[Stored items]
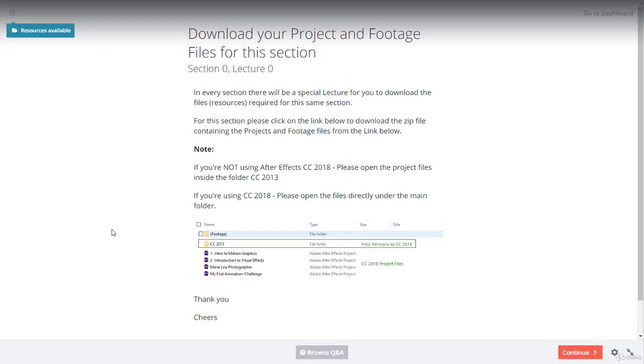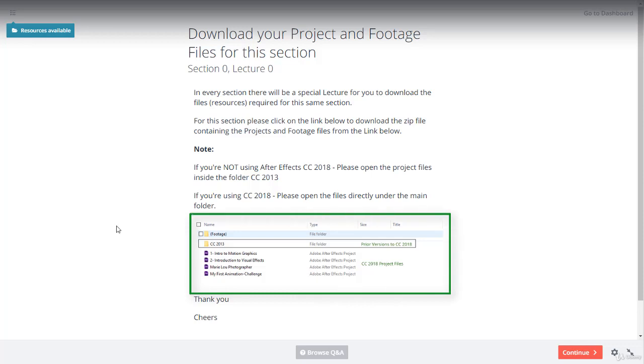How to download your project files for each section. In almost every section you will have some resources that you should download. The resources contain a zip file that you have to unzip. The unzipped folder will have the After Effects project files and sometimes some footage, images, videos, vector files - anything that you need to create your composition and your motion graphics.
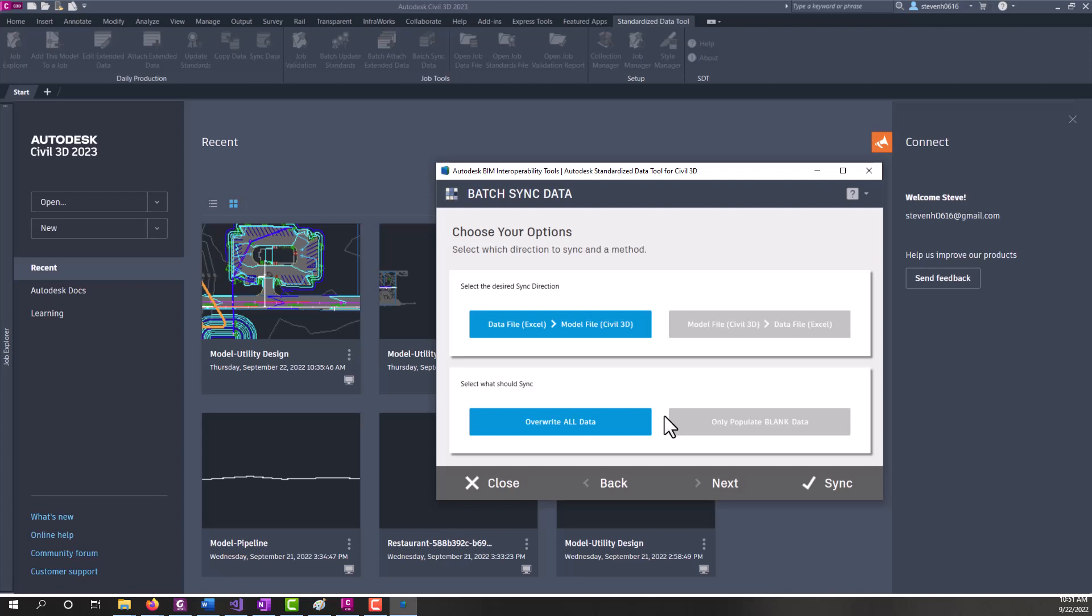And so everything would come back and have their property set data updated right from the job data file. That in a nutshell is how the batch sync and the sync data work and how the formulas and .NET properties work within SDT and how the job data file can really help you push data around between your entities and your various model files.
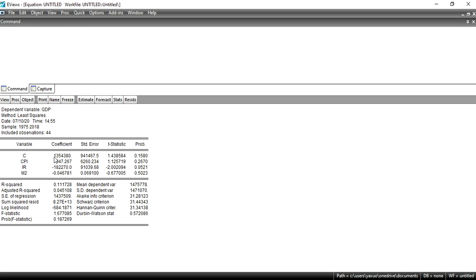Our dependent variable is GDP and our first independent variable is CPI. The coefficient sign of CPI is positive, which means there exists a positive relationship between CPI and GDP. When CPI increases, GDP also increases; when CPI decreases, GDP also decreases. We are not talking about economic theory here — I am just explaining the results.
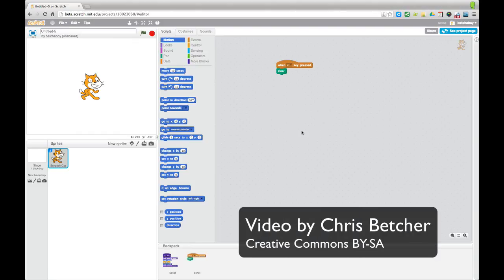So there you go. So just a bit of a wrap up of some of the new features that I've noticed that I really like in the new Scratch 2.0 beta.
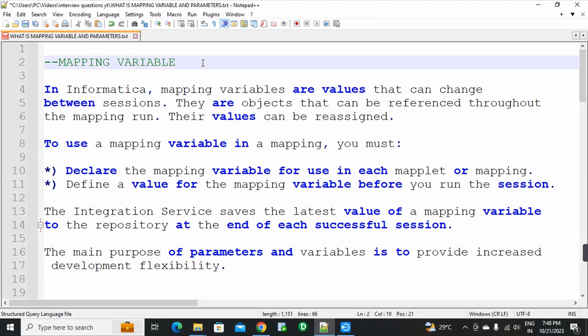What is a Mapping Variable? Mapping Variable is empty. First of all, open Informatica PowerCenter Designer.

▶ _About this exercise_
Output every entry exactly, leaving out pictures.

▶ _Result for this task_
How to download your project files for each section. In almost every section you will have some resources that you should download. The resources contain a zip file that you have to unzip. The unzipped folder will have the After Effects project files and sometimes some footage, images, videos, vector files - anything that you need to create your composition and your motion graphics.
And so everything would come back and have their property set data updated right from the job data file. That in a nutshell is how the batch sync and the sync data work and how the formulas and .NET properties work within SDT and how the job data file can really help you push data around between your entities and your various model files.
Our dependent variable is GDP and our first independent variable is CPI. The coefficient sign of CPI is positive, which means there exists a positive relationship between CPI and GDP. When CPI increases, GDP also increases; when CPI decreases, GDP also decreases. We are not talking about economic theory here — I am just explaining the results.
So there you go. So just a bit of a wrap up of some of the new features that I've noticed that I really like in the new Scratch 2.0 beta.
What is a Mapping Variable? Mapping Variable is empty. First of all, open Informatica PowerCenter Designer.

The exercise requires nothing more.